[RECORDS — start]
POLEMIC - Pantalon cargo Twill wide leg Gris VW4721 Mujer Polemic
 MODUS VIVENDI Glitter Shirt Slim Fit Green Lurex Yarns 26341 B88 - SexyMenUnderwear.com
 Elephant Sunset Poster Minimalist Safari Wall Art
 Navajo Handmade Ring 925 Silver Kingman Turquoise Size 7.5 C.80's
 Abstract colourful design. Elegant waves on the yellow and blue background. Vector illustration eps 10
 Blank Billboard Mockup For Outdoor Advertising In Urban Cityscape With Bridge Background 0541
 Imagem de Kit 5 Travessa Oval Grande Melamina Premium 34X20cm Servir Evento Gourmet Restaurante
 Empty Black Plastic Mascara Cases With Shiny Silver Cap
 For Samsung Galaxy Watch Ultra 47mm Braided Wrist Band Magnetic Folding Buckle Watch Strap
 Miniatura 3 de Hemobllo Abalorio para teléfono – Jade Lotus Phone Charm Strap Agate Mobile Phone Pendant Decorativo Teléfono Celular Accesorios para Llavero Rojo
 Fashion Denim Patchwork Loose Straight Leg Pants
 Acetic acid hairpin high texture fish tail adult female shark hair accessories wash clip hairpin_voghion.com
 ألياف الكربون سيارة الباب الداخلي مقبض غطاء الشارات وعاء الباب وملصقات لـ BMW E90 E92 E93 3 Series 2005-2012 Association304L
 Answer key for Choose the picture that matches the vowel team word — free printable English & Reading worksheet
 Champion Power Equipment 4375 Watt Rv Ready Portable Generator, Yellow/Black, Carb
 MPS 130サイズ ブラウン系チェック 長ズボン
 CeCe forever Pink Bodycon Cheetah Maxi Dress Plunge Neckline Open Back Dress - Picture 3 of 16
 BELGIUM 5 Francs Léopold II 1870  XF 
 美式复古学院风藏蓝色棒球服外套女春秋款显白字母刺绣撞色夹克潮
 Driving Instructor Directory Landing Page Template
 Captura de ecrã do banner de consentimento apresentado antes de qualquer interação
[RECORDS — finish]
◆ EXERCISE INSTRUCTIONS ◆
Scan the listing above for the word "Silver" and show each line where it is found.

◆ REPLY TO THE TASK ◆
 Navajo Handmade Ring 925 Silver Kingman Turquoise Size 7.5 C.80's
 Empty Black Plastic Mascara Cases With Shiny Silver Cap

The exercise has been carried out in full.